Below are records; reproduce exactly the lines from the one that has "Groovy Hippie Decorations" through the one that has "Publicité pour le", ends included, and nothing more.

::::::::

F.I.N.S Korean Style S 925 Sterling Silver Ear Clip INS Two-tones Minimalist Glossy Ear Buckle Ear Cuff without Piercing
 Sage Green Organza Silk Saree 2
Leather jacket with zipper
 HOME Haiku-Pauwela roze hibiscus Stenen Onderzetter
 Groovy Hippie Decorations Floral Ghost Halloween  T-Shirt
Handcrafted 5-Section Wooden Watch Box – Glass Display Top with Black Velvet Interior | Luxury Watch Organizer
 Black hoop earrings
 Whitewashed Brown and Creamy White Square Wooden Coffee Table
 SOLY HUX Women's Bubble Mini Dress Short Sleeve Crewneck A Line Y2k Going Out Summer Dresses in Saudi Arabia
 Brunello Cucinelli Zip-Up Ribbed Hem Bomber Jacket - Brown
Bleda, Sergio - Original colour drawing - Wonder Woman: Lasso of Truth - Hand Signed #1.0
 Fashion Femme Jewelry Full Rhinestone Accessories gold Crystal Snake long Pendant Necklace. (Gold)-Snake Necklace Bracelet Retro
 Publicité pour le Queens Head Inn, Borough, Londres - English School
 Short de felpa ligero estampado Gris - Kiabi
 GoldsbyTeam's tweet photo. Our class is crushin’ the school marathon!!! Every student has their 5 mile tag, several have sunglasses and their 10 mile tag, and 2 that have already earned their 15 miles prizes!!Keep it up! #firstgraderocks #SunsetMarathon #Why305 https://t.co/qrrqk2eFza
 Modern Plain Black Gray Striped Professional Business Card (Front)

::::::::

* EXPECTED ANSWER
 Groovy Hippie Decorations Floral Ghost Halloween  T-Shirt
Handcrafted 5-Section Wooden Watch Box – Glass Display Top with Black Velvet Interior | Luxury Watch Organizer
 Black hoop earrings
 Whitewashed Brown and Creamy White Square Wooden Coffee Table
 SOLY HUX Women's Bubble Mini Dress Short Sleeve Crewneck A Line Y2k Going Out Summer Dresses in Saudi Arabia
 Brunello Cucinelli Zip-Up Ribbed Hem Bomber Jacket - Brown
Bleda, Sergio - Original colour drawing - Wonder Woman: Lasso of Truth - Hand Signed #1.0
 Fashion Femme Jewelry Full Rhinestone Accessories gold Crystal Snake long Pendant Necklace. (Gold)-Snake Necklace Bracelet Retro
 Publicité pour le Queens Head Inn, Borough, Londres - English School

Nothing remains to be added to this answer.